Passers-by intrigued with the house frequently requested a tour through it, a common practice at the time.

The first renovation Walpole undertook was to the exterior, when he added a three storey bay to the east front with ogee and quatrefoil windows and a crenellated roofline trimmed with crocketed pinnacles. A new stairwell and library followed. Then, in 1758, his little villa was extended with an adjoining long gallery that ended in a round tower. The fifty foot long, thirteen foot wide picture gallery had an open cloister under it. By 1763, with the addition of a small chapel like room referred to as the Cabinet (and later the Tribune) just off the long gallery to display Walpole’s rarer treasures, the rambling house was considered complete.

An avid art collector and genealogist, Walpole furnished his home with assorted medieval fragments and memorabilia, from stained glass to suits of armour, to heighten the medieval ambience.
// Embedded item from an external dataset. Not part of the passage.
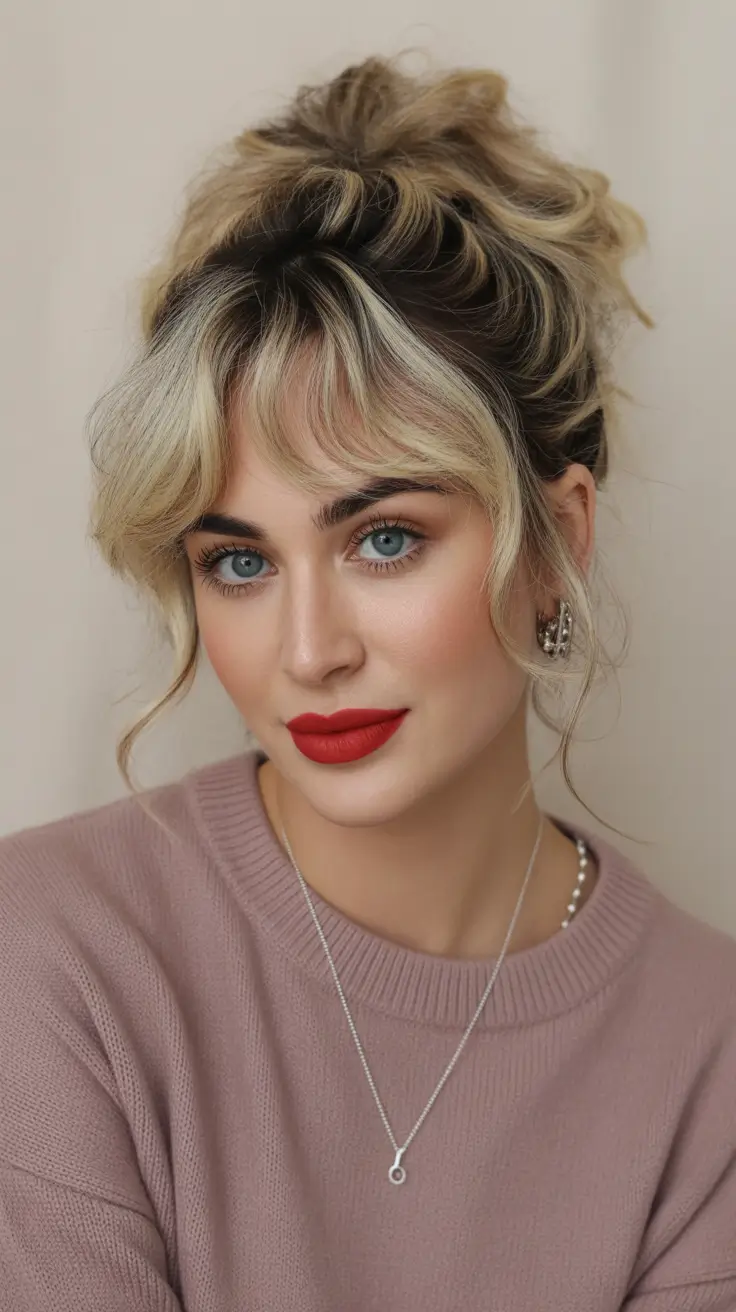 Latest Hairstyles inspiration 2026 Textured Blonde Updo With Soft Baby Bangs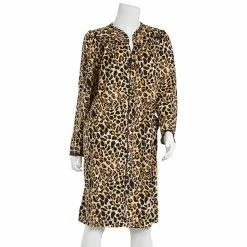 Pajamas Womens Lissome Diamond Fleece Animal Print Zip Front Duster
Passers-by intrigued with the house frequently requested a tour through it, a common practice at the time. Anxious to show off his extensive collection Walpole opened part of Strawberry Hill to the public from noon to 3:00pm. May through October. Visitors flocked to tour his curious house and he took to printing tickets for admission. Walpole had used synthetic substances such as plaster in place of stone and papier-mâché as a substitute for plaster-appearance was all that mattered for early Gothicists. Strawberry Hill’s gateway, based on a medieval tomb at Ely Cathedral, was constructed of artificial stone and became an annoyance, as tourists took away bits for souvenirs.

Walpole died in 1797, leaving his much loved villa in the hands of Anne Damer, a cousin and close friend, with a yearly pension for its operation. In 1815 she relinquished it to the descendants of his niece, Countess Waldegrave, who sold Walpole’s treasures at auction in 1842; it was the largest sale of the century, lasting thirty two days. For a while it looked as though the neglected house had come to an en, but Strawberry Hill was to be a center of gaiety once again when the fashionable hostess Lady Waldegrave, who had married both of the countess’s sons, reopened the house in 1856, supervising its restoration and the construction of a new Tudor Gothic Victorian wing in 1861. She changed the entrance but kept the original portion virtually the same, attempting to buy back paintings, furniture, and other original items from those who had purchased them at auction.

In the 1920s the property was sold to St. Mary’s College and is operated by the Vincentian Order as a teachers’ college. Extensive restoration under the guidance of experts from the Victoria and Albert Museum began in the late 1980s.